Célia Vasconcelos, empregada no Café Aliança, na Avenida dos Aliados, defende que o antigo passeio em calçada à portuguesa, “mais bonito”, “não devia ser substituído”.

“Este [passeio em granito] vai ficar feio depressa”, argumenta, sustentando que o novo pavimento “vai sujar-se muito mais depressa” – o tom de voz é calmo e pausado, sugerindo a indiferença típica de quem já se resignou há muito.

“Nunca mais é o que era”, interrompe um cliente. Célia continua a desfiar críticas: “teria sido bom fazer uma discussão”. Conta que ouve comentários dos clientes, principalmente dos mais velhos, porque “as pessoas mais novas nem falam” das obras. “A maior parte é contra”, nota.

Mais incisiva, Antónia Osório diz estar “completamente contra” as obras de requalificação dos Aliados, e critica aquilo que considera ser “uma triste miséria de calhaus”: “Só calhaus, só pedras. Não há nada de poético. Eu não gosto disto”.

A crítica atinge o tom de indignação: “A população deveria ter sido consultada. Não tolero que tenham estragado uma avenida destas”. Antónia Osório inclui o Metro no pacote das críticas, e não hesita em afirmar que as estações “não deviam ter sido feitas ali [na Avenidas dos Aliados]”.

“Por que é que o Siza Vieira há-de fazer tudo?”

Já Nuno Ferreira diz não lamentar a ausência de discussão pública. Pelo contrário: “O nosso povo é tão sem jeito que isso não adiantava nada”, sustenta.

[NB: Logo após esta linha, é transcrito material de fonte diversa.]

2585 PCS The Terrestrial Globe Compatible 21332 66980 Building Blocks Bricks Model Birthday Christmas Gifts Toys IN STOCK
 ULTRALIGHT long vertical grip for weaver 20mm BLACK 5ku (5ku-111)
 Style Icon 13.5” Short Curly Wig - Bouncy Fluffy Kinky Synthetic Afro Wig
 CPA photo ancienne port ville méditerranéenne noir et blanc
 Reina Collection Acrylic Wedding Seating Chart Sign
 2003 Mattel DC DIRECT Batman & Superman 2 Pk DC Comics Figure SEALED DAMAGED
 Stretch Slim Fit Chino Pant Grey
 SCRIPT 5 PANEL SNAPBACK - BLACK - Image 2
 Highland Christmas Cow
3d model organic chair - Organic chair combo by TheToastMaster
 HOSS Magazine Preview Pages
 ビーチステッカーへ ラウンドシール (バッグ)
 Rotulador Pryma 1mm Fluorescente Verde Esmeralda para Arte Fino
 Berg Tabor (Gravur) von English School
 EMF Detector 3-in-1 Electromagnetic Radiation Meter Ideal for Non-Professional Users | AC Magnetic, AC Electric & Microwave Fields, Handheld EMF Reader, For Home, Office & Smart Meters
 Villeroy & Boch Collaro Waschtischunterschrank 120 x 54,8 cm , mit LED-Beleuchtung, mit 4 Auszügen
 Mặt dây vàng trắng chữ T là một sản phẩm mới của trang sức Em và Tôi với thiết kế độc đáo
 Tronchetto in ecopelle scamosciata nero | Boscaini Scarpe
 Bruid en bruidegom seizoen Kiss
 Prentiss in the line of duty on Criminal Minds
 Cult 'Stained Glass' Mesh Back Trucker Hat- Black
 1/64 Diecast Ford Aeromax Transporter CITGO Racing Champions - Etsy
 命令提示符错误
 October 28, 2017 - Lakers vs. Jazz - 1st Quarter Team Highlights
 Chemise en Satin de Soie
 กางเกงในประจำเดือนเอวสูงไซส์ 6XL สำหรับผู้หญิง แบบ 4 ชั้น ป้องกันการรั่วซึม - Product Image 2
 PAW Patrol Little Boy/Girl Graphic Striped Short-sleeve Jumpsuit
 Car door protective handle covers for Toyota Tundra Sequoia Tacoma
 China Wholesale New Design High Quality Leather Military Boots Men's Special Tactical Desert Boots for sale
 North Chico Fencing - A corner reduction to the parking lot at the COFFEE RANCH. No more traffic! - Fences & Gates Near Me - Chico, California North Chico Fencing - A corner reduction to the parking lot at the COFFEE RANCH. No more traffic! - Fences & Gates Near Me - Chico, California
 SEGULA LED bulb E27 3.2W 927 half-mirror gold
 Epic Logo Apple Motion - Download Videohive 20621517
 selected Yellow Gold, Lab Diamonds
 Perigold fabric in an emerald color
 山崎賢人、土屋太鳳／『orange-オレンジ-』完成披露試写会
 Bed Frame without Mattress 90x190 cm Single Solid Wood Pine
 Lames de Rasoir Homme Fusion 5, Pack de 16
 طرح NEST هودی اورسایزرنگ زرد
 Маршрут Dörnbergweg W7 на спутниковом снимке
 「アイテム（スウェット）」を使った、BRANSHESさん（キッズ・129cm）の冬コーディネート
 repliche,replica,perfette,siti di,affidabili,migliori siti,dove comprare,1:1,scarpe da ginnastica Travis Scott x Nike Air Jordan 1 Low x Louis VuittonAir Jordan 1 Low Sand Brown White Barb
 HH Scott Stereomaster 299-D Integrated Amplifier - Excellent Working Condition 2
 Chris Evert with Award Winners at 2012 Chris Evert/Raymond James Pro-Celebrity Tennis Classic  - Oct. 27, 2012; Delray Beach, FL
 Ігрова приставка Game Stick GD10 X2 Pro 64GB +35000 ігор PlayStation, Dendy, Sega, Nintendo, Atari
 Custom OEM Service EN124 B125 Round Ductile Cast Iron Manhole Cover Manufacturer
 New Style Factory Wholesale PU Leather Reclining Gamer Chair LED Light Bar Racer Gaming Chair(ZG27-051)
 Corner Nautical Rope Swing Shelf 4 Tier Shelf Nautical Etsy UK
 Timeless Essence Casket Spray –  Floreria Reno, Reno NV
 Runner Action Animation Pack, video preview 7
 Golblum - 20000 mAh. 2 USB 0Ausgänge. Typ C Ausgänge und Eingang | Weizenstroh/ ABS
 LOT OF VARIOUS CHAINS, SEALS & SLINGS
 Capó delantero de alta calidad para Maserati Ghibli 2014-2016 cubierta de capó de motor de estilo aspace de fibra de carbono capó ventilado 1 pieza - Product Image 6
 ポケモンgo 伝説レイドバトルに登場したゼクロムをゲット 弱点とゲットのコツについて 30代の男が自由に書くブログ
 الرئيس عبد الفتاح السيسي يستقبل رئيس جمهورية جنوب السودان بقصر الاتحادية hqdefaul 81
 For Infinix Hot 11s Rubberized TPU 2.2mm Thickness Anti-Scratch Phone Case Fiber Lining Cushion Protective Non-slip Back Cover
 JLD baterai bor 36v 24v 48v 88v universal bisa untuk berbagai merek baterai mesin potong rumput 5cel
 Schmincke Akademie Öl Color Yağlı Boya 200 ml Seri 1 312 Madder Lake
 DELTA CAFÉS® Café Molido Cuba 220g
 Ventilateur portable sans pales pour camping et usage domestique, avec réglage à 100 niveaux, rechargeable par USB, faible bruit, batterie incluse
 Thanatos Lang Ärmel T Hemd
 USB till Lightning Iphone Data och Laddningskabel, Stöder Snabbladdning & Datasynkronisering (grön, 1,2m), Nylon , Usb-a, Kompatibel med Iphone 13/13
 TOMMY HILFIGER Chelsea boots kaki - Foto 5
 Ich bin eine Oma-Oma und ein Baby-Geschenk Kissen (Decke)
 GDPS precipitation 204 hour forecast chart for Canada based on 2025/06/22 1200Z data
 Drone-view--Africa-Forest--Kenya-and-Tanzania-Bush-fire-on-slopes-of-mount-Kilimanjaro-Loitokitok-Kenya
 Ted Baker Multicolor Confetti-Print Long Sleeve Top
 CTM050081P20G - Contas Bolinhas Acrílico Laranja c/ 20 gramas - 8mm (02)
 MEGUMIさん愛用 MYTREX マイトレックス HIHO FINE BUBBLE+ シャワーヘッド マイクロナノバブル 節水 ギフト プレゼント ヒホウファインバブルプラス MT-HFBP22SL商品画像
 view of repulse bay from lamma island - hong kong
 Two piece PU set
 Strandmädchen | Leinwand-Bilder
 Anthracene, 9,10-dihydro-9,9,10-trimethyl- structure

O proprietário da tradicional Casa Januário, situada a poucos metros da Praça General Humberto Delgado, tem “pena que a Avenida não fique com o cunho que tinha” e arrisca um prognóstico: “vai ficar mais feia”, “cinzenta” e “descaracterizada”.

“Por que é que, agora, neste país, o Siza Vieira há-de fazer tudo?”. Por isso, avança uma alternativa: a requalificação dos Aliados “devia ter sido entregue a jovens arquitectos paisagistas”.

Fernando Xisto, empregado num quiosque de rua em plena Avenida dos Aliados, diz que a “única vantagem” do novo pavimento é a de ser “mais difícil haver falhas”, como buracos. De resto, aponta a fraca capacidade de reflexão da luz solar como o grande inconveniente do granito: “Isto já é escuro e, com aquele piso cinzento, mais escuro fica. Para já, pelo menos, quando há sol ele ainda bate no chão e recebemos um pouco de luz”.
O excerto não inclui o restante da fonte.